DATASET EXTRACT: Begin

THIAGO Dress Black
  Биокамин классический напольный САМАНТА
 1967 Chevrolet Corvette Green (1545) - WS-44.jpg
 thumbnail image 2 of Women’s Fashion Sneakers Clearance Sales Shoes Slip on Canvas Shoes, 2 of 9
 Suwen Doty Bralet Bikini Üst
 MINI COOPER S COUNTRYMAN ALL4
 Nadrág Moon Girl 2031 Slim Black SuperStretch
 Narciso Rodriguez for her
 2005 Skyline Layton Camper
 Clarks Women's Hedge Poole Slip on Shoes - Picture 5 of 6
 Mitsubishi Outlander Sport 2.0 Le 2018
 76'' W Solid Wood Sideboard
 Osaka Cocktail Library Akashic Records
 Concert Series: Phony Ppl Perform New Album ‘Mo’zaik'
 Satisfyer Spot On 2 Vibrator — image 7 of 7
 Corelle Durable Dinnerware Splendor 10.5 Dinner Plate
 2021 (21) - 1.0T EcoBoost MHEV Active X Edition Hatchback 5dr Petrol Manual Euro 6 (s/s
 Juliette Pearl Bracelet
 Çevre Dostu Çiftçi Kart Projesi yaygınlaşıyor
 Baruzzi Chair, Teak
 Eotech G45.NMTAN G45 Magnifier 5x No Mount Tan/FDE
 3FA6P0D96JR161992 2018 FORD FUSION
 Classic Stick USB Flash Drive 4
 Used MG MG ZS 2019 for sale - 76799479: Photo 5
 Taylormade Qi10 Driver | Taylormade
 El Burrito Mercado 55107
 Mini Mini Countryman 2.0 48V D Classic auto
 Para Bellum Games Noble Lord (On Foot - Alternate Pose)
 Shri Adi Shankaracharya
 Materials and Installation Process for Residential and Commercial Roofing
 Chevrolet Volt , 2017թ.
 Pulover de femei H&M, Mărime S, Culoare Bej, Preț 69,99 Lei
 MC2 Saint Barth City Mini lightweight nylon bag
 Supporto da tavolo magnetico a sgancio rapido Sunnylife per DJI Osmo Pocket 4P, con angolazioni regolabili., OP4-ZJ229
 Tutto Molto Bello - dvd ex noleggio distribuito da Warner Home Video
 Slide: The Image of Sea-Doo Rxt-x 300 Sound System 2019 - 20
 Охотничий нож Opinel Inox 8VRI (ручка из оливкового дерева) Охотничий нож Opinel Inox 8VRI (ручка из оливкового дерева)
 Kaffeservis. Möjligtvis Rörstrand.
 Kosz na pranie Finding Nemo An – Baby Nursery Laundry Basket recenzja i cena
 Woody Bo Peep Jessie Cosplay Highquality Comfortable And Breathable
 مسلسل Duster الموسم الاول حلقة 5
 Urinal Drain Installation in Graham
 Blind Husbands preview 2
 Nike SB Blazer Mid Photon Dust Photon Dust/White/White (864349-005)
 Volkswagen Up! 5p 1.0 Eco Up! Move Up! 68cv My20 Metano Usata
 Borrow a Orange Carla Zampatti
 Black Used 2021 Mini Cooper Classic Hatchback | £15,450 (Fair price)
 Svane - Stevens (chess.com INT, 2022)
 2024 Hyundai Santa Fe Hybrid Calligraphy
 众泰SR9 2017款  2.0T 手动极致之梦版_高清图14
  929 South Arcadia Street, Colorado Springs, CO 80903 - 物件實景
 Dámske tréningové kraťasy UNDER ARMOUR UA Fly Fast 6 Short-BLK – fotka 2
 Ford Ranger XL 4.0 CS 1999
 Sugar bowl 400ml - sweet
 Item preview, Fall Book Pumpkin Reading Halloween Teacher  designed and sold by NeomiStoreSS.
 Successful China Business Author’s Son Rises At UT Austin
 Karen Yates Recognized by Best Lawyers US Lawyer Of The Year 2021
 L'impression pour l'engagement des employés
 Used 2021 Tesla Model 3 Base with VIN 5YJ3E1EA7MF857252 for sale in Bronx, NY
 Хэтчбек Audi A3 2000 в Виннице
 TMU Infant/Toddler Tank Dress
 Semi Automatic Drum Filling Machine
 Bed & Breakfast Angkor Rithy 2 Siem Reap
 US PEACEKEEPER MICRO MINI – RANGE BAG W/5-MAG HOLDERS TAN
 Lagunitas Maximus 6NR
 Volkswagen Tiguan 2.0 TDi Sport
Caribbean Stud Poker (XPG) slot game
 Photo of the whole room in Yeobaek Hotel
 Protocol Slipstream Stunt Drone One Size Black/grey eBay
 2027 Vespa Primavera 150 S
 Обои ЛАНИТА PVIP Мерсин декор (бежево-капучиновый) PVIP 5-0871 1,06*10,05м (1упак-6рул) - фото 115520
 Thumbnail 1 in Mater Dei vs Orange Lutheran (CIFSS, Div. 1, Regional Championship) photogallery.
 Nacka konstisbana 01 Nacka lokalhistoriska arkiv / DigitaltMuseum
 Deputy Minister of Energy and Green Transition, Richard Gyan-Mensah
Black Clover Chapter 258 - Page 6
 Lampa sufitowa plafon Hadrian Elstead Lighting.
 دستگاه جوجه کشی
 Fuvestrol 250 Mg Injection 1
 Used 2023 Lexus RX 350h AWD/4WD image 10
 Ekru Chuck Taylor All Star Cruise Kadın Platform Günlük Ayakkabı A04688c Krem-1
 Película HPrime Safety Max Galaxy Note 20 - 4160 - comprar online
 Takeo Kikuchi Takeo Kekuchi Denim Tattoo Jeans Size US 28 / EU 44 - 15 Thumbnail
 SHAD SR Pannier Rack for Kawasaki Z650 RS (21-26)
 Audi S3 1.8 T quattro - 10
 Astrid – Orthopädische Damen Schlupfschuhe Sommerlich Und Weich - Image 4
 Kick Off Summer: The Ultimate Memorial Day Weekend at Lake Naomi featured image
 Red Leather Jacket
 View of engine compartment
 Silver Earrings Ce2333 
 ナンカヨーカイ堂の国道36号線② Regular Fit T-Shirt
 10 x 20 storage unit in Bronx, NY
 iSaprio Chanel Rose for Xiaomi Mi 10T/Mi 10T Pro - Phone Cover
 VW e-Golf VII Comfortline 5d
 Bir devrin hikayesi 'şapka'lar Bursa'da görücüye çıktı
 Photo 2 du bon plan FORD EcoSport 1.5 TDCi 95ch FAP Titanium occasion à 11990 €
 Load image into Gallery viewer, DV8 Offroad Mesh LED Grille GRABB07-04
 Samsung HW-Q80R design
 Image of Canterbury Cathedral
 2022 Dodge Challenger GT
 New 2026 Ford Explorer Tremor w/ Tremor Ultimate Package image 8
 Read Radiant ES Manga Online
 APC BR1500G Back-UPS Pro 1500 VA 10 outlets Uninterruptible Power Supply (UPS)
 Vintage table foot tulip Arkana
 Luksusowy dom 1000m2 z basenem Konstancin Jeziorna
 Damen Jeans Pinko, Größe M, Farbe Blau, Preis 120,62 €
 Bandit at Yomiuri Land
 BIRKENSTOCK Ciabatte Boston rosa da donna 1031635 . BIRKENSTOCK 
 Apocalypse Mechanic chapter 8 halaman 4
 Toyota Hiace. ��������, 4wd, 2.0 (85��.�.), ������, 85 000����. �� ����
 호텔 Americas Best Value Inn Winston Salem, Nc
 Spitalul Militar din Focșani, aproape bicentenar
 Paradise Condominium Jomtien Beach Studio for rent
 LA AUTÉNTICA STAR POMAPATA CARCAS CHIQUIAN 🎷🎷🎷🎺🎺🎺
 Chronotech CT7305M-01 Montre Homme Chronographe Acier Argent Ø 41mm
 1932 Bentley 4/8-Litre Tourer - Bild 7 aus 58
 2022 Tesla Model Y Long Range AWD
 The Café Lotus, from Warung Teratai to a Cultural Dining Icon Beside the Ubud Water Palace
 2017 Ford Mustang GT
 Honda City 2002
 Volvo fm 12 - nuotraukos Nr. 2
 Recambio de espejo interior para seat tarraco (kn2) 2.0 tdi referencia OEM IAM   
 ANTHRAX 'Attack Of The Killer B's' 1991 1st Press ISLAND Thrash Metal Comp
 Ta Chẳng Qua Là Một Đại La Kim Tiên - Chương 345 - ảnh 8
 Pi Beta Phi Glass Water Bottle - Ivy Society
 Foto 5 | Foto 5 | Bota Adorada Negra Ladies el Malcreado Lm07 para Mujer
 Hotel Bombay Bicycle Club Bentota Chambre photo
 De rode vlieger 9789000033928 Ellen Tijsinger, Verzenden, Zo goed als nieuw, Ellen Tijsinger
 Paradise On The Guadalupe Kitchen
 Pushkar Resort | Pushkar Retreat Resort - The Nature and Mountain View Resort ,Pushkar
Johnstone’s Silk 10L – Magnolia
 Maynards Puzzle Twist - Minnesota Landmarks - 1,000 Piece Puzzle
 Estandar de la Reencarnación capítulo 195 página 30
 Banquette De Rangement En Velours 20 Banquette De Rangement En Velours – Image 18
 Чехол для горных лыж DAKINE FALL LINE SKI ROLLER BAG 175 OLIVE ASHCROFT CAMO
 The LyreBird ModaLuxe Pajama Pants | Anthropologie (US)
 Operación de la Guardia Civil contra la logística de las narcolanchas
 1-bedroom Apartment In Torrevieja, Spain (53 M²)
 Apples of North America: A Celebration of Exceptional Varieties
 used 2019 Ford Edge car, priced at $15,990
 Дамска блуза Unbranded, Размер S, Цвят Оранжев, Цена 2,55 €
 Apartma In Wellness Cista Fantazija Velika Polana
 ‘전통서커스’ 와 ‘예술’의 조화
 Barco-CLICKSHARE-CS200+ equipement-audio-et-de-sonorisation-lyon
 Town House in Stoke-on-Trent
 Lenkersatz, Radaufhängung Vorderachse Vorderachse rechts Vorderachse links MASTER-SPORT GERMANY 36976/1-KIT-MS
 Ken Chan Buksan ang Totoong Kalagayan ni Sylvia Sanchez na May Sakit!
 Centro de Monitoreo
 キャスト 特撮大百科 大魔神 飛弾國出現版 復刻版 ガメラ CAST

DATASET EXTRACT: End

## EXERCISE
Begin at the line above that has "Protocol Slipstream Stunt" and stop after the line that has "New 2026 Ford", copying each line exactly and adding nothing else.

## SOLUTION FOR THIS EXERCISE
 Protocol Slipstream Stunt Drone One Size Black/grey eBay
 2027 Vespa Primavera 150 S
 Обои ЛАНИТА PVIP Мерсин декор (бежево-капучиновый) PVIP 5-0871 1,06*10,05м (1упак-6рул) - фото 115520
 Thumbnail 1 in Mater Dei vs Orange Lutheran (CIFSS, Div. 1, Regional Championship) photogallery.
 Nacka konstisbana 01 Nacka lokalhistoriska arkiv / DigitaltMuseum
 Deputy Minister of Energy and Green Transition, Richard Gyan-Mensah
Black Clover Chapter 258 - Page 6
 Lampa sufitowa plafon Hadrian Elstead Lighting.
 دستگاه جوجه کشی
 Fuvestrol 250 Mg Injection 1
 Used 2023 Lexus RX 350h AWD/4WD image 10
 Ekru Chuck Taylor All Star Cruise Kadın Platform Günlük Ayakkabı A04688c Krem-1
 Película HPrime Safety Max Galaxy Note 20 - 4160 - comprar online
 Takeo Kikuchi Takeo Kekuchi Denim Tattoo Jeans Size US 28 / EU 44 - 15 Thumbnail
 SHAD SR Pannier Rack for Kawasaki Z650 RS (21-26)
 Audi S3 1.8 T quattro - 10
 Astrid – Orthopädische Damen Schlupfschuhe Sommerlich Und Weich - Image 4
 Kick Off Summer: The Ultimate Memorial Day Weekend at Lake Naomi featured image
 Red Leather Jacket
 View of engine compartment
 Silver Earrings Ce2333 
 ナンカヨーカイ堂の国道36号線② Regular Fit T-Shirt
 10 x 20 storage unit in Bronx, NY
 iSaprio Chanel Rose for Xiaomi Mi 10T/Mi 10T Pro - Phone Cover
 VW e-Golf VII Comfortline 5d
 Bir devrin hikayesi 'şapka'lar Bursa'da görücüye çıktı
 Photo 2 du bon plan FORD EcoSport 1.5 TDCi 95ch FAP Titanium occasion à 11990 €
 Load image into Gallery viewer, DV8 Offroad Mesh LED Grille GRABB07-04
 Samsung HW-Q80R design
 Image of Canterbury Cathedral
 2022 Dodge Challenger GT
 New 2026 Ford Explorer Tremor w/ Tremor Ultimate Package image 8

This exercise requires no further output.